1.多カーネル適応フィルタにおける「カーネル化された入力ベクトル」の白色化を実現する計量を実現する、L2 空間射影に基づく非線形適応アルゴリズムを構築し、実データ(GPSデータ、電気回路出力)を用いて有効性を実証した。入力ベクトルの確率測度を用いてL2計量を定義する必要があり、本研究では、入力ベクトルが多変量ガウス分布に従う場合と全領域で等確率で生成される(noninformative prior)場合について計量を計算する手法を導出した。また、グラム行列(カーネル行列)に基づく計量も検討した。本成果は、IEEE Trans. Signal Processing 2018年8月号に掲載されている。

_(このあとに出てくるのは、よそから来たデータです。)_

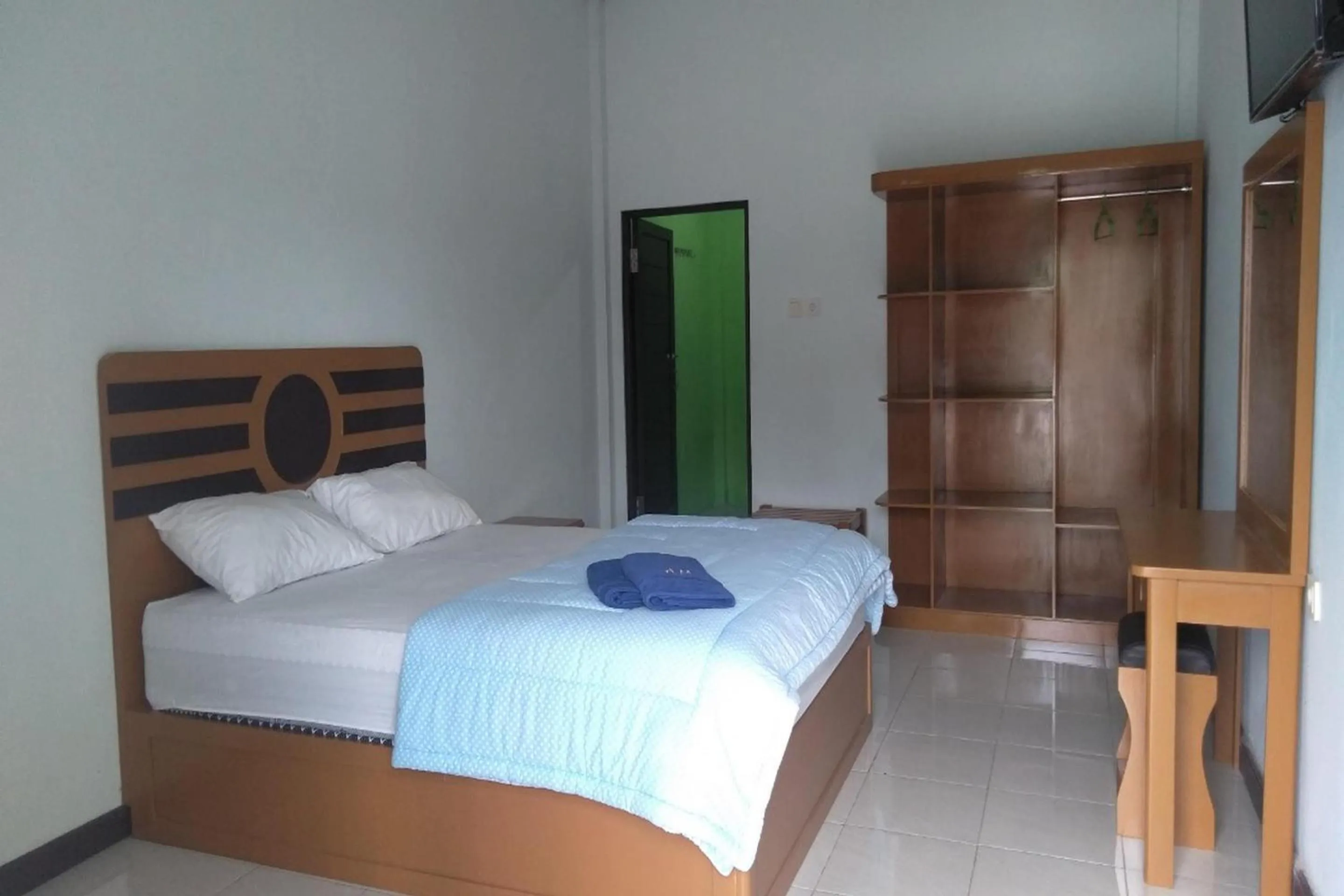 Bedroom, Bed in Hotel O Penginapan Laras PaminggirNearPesona Alam Seafood Pink Mira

2.多カーネル適応フィルタを分散型に拡張し、理論解析を与えるとともに、実データ(地形の高度データ)を用いて有効性を実証した。瞬時誤差をゼロにする超平面を使用する代わりに、同集合を緩和した凸集合(hyperslab)を用いることで、深刻な誤差の増加を招くことなく更新頻度が大幅に削減されることを示した。時間変化するシステムへの適応性も検証した。さらに、分散型最適化で広く用いられるADMMに基づく手法に対する優位性を示したことは意義深いと考えられる。本成果は、ブレーメン大学(独国)との共同研究成果であり、IEEE Trans. Signal Processing 2018年11月号に掲載されている。本論文では、センサーネットワークへの応用をメインで議論しており、広い分野への貢献が期待できる。